総武流山電鉄(現流鉄)は、常磐線の馬橋から流山の中心部まで、全長5.7kmのミニ私鉄です。
江戸時代から水運で栄え、明治時代には葛飾県庁もおかれた、この地域ではかなり有力な集落だった流山ですが、常磐線の前身である日本鉄道海岸線がこの地を通ることはありませんでした。
いろいろな地域に存在する、ありふれた鉄道忌避伝説が残っていますが、その伝説はマユツバでしょう。ただ、物流の幹線から外れてしまったという危機意識は強かったみたいで、町民からの出資を募って建設されたのが、現在の流鉄流山線です。
中小私鉄でありながら首都圏近郊という立地もあって、順調な経営を続け、「中小私鉄の優等生」などともてはやされた時期もありましたが、2005年に状況は一変します。

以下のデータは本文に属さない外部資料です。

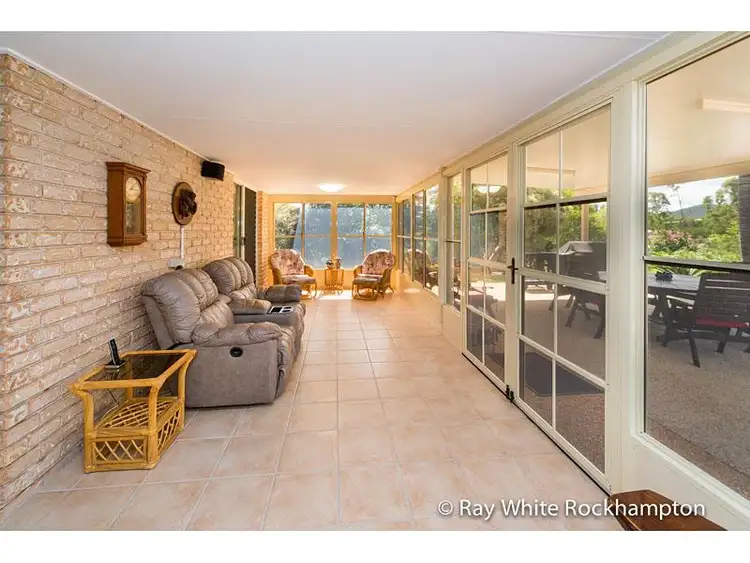 Fourth view of Homely house listing, 27-29 Perrott Drive, Rockyview QLD 4701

つくばエクスプレスの開通。これは明治以来、都心直通の鉄道を待ち望んでいた市民の悲願がかなったものでした。当初は運賃の高さなどにより乗客がどれほど転移するのか、懐疑的な見方もあったように記憶しますが、ふたを開けてみれば、利便性が認識されるとともに旅客流動は一変し、流鉄の利用者は半減しました。
以下の写真は、TX開通から1年が過ぎた2006年11月5日の「流鉄まつり」の風景です。
保有車両は2000系、3000系合わせて16両。外観からわかる通りすべて西武の車両です。
ラッシュ時は3両編成、日中は2両編成という使い分けですが、このころはすでに、朝ラッシュ時といえども3両編成は過剰だったようです。
現在は、西武新101系が種車の5000系2両編成5本、合計10両に置き換えられています。
10年もたつと、いろいろ変わってしまうものですね。